Question

Let 𝑋1,𝑋2, … , 𝑋𝑛 be a random sample from a $u(θ +\frac{σ}{\sqrt3},θ+\sqrt3σ)$ distribution, where 𝜃 ∈ ℝ and 𝜎>0 are unknown parameters. Let 𝑋̅ =$\frac{ 1}{ 𝑛} ∑^n _{i=1}X_i$ and $𝑆 =\sqrt \frac{1}{n} ∑^n_{i=1}(X_i-\overline{X})^2$ Let $\^θ$ and $\^σ$ be the method of moment estimators of 𝜃 and 𝜎 ,respectively. Then, which one of the following statements is FALSE?
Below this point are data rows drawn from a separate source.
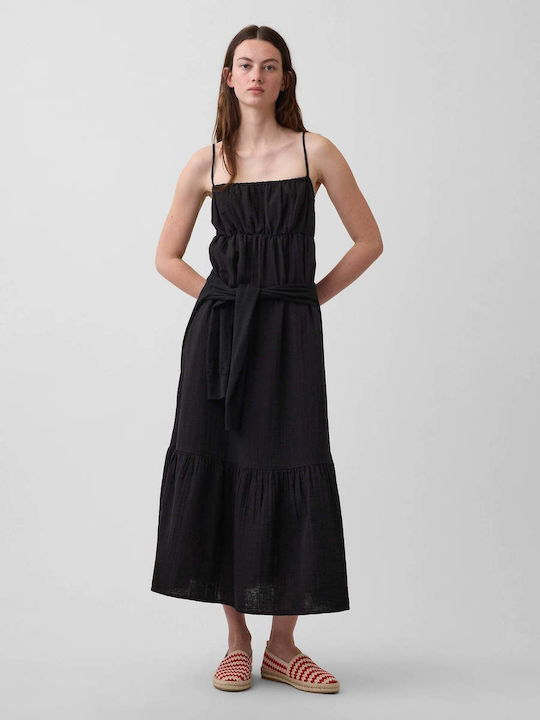 Sommer Maxi Damenkleid mit Rüschen True Black
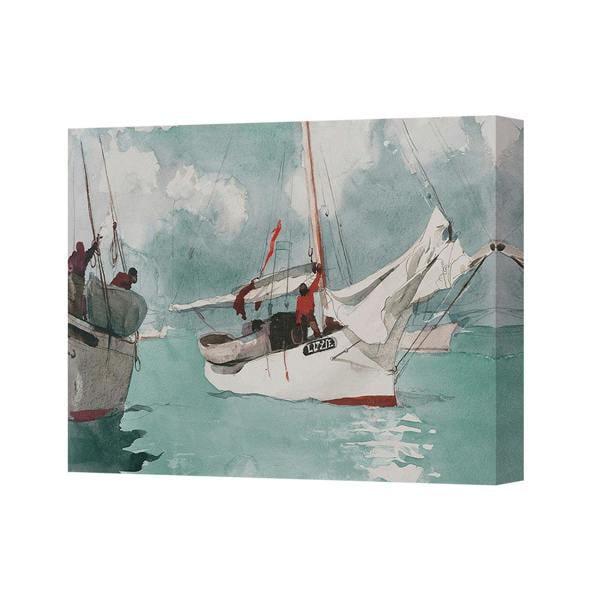 Benjamin Tate Design Canvas Art Print Sailboats Seascape Turquoise Sea Wall Decor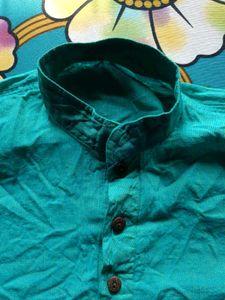 Teal Button-Down Top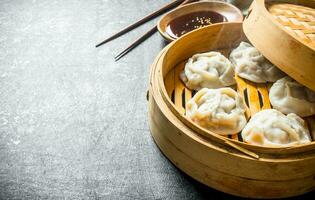 Dumplings of manta with beef. photo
• A. $\^σ+\sqrt3\^θ=\sqrt3\overline{X}-3s$
• B. $2\sqrt3\^σ+\^θ=\overline{X}-4\sqrt3S$
• C. $\sqrt3\^σ+\^θ=\overline{X}+\sqrt3\,S$
• D. $\^σ-\sqrt3\,\^θ=9\,S-\sqrt3\,\overline{X}$

Answer 1

Answer: (B)

$2\sqrt3\^σ+\^θ=\overline{X}-4\sqrt3S$

Answer 2

The correct option is (B): $2\sqrt3\^σ+\^θ=\overline{X}-4\sqrt3S$